The regression fallacy is responsible for the public perception that the healthcare system is incapable of containing the spread of Ebola. Rather than representing outliers, the two cases of healthcare workers infected with Ebola are being treated as the new normal. Instead of the more likely scenario in which our healthcare system studies its mistakes and learns to safely contain infected patients, we focus on the variant case errors as the new standard. We ignore the fact that many (admittedly, not all) medical teams around the globe have been fully capable of treating infected patients without becoming infected themselves.
Anchoring heuristics explains why news coverage in the days that followed the first healthcare worker’s diagnosis with Ebola had such a substantial impact on public perception and future news coverage. The news stories were terrifying and ran on a continuous loop for days. The focus on this exceptional case anchored the public’s perception of Ebola as being highly transmissible and contagious. Despite weeks of work trying to repair this misconception, officials have been unable to get the proverbial genie back in the lamp.
And finally, media coverage has reinforced the immediacy of the Ebola problem. Not only does the disease kill quickly, it also is spreading quickly. The temporal nature of Ebola rings every evolutionary alarm bell rattling around in our collective consciousness. And yet a far more insidious villain lurks forgotten in the nether regions of our mind. By this time next year about 20,000 Americans will have died from the seasonal flu, however, influenza has become so commonplace and feels so temporally distant that it is largely ignored despite this statistic (CDC, 2013).
So I shouldn’t be afraid of Ebola?
Yes and no. I am as guilty of these statistical errors as anyone else. I can feel the anxiety creeping up my spine every time I hear the three-syllable word that has become synonymous with fear. But I have made the conscious decision to turn off the TV, close the app, and not open the newspaper. I came to the conclusion that the news is more dangerous than the disease.

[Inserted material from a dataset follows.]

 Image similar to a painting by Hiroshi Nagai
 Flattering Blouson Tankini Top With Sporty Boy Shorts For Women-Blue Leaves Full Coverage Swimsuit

The right amount of anxiety spurs us into action, while too much corrodes our resolve. I think we should be afraid of Ebola in that it is estimated to infect as many as 10,000 new people each week by December in West Africa. And with a mortality rate upwards of 60%, West Africa will experience nearly 6,000 deaths per week as the New Year arrives. This is a staggering number of lives lost, and these statistics are the ones that should scare us.
But allow us to transform our fear into an empathic resolve. Let us feel the fear of our fellow man in Africa and use this experience to fuel our desire to help.
The world is currently uniting to fight this tremendous disease, and it is my hope that by clearing the fog of perceptual biases each of us might join the fight with a clear mind and a steady resolve.